● EXERCISE INSTRUCTIONS
Once you find the line containing "Vendo/rento oficina de", set down exactly that line and every one after it through the end of the listing below, with both ends included and any pictures omitted.

..........

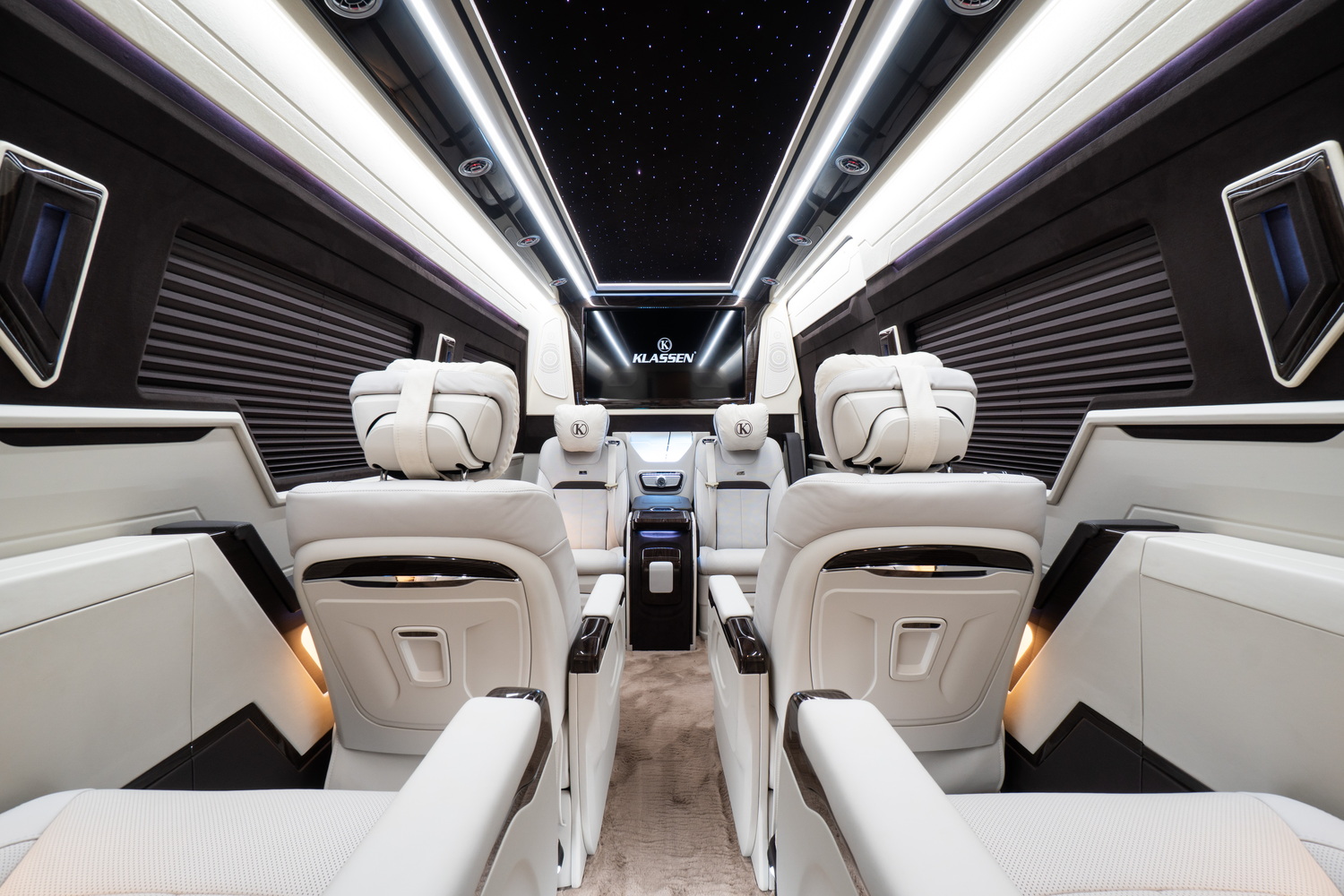 Mercedes-Benz Sprinter Luxury VIP JetVan mit privatem WC von KLASSEN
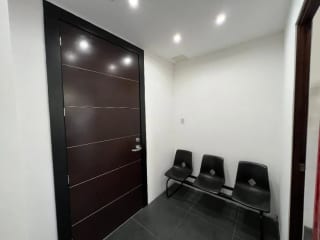 Vendo/rento oficina de 67m2 en edificio Design Center, zona 10 — Oficina en Venta en Design Center, Zona 10, Guatemala, Ciudad — miniatura 7 de 7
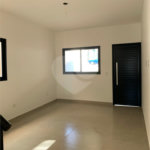 Casa à venda com 3 quartos, sendo 1 suíte, no condomínio Villa D'este, Cotia - SP
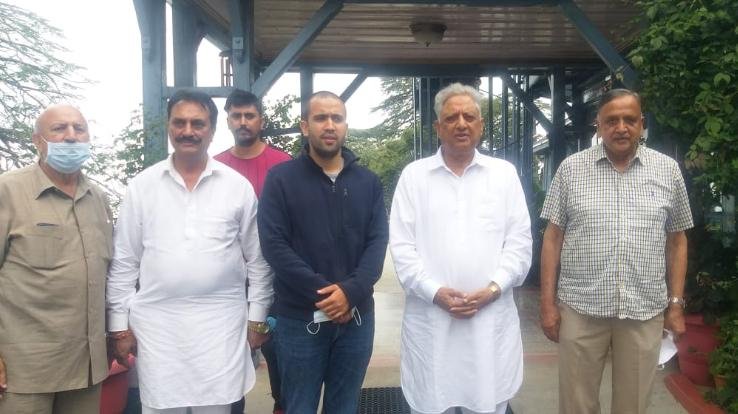 शिमला : पंजाब विधानसभा अध्यक्ष ने वीरभद्र सिंह के निधन पर परिवार को दी सांत्वना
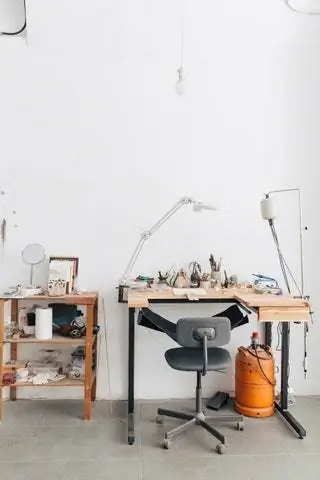 Рабочий стол, полный инструментов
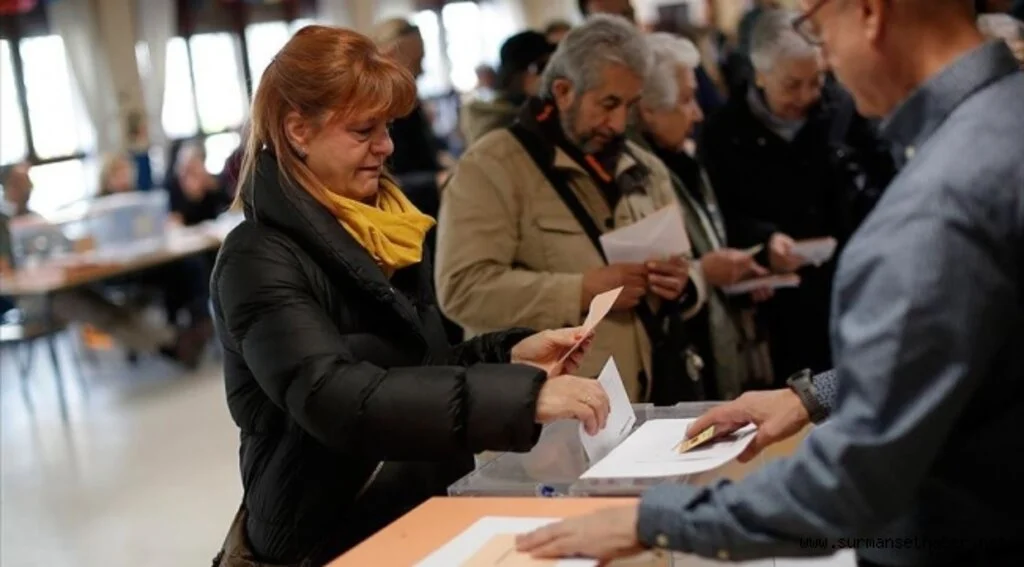 İspanya'da seçim sonuçları hükümet kurulmasını zorlaştırıyor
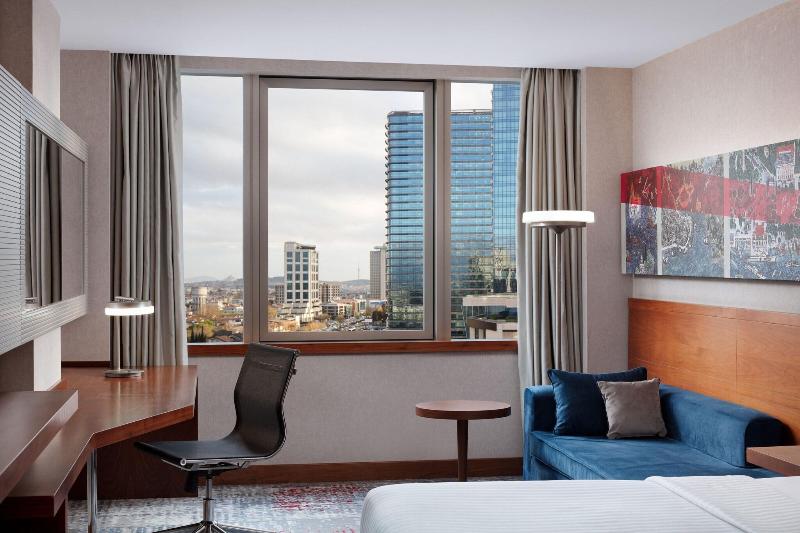 Delta Hotels By Marriott Istanbul Levent - Oda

..........

● TASK SOLUTION
 Vendo/rento oficina de 67m2 en edificio Design Center, zona 10 — Oficina en Venta en Design Center, Zona 10, Guatemala, Ciudad — miniatura 7 de 7
 Casa à venda com 3 quartos, sendo 1 suíte, no condomínio Villa D'este, Cotia - SP
 शिमला : पंजाब विधानसभा अध्यक्ष ने वीरभद्र सिंह के निधन पर परिवार को दी सांत्वना
 Рабочий стол, полный инструментов
 İspanya'da seçim sonuçları hükümet kurulmasını zorlaştırıyor
 Delta Hotels By Marriott Istanbul Levent - Oda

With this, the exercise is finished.